[Saved data entries]
<<<<

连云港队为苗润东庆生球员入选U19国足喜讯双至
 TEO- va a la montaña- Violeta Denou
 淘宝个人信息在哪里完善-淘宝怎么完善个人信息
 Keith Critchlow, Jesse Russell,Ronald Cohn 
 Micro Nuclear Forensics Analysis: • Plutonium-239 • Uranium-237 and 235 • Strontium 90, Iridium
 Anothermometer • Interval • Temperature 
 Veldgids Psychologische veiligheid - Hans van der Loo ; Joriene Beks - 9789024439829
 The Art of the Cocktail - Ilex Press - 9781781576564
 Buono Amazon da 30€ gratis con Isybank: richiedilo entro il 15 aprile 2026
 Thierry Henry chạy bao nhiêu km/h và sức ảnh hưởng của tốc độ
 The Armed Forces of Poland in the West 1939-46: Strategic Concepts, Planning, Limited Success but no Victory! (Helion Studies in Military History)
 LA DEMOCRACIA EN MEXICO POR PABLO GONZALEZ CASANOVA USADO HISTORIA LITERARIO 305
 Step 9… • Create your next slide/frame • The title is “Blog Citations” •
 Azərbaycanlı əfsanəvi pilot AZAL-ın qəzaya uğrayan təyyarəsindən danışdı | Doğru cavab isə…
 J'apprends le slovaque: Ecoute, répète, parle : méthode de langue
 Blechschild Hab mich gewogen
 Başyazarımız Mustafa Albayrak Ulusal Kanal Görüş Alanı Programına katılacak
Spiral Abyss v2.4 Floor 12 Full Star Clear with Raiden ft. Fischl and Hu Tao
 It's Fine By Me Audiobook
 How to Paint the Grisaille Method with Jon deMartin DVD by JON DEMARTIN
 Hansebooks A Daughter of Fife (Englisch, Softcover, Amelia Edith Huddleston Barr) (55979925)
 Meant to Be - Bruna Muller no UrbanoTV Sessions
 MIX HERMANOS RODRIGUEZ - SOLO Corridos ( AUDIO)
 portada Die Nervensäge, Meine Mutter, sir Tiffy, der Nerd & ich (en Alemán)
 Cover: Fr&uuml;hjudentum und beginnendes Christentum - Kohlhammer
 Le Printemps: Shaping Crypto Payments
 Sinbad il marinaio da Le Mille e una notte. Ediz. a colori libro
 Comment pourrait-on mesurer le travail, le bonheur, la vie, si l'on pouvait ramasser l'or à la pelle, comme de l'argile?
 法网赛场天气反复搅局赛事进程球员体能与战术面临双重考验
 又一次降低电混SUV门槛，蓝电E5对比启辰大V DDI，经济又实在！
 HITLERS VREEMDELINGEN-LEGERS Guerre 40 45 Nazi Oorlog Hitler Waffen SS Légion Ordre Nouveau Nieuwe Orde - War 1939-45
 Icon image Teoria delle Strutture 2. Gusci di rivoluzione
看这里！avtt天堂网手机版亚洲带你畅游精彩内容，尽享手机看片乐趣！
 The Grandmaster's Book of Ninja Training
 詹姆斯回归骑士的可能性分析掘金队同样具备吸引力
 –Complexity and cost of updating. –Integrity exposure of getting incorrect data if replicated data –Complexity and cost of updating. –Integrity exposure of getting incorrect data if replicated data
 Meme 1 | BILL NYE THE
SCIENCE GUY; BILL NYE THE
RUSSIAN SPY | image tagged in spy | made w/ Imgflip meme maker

>>>>

▸ **Requirement**
Find the lines in the records that contain the word "with", then copy every one of them.

▸ **Task result**
Spiral Abyss v2.4 Floor 12 Full Star Clear with Raiden ft. Fischl and Hu Tao
 How to Paint the Grisaille Method with Jon deMartin DVD by JON DEMARTIN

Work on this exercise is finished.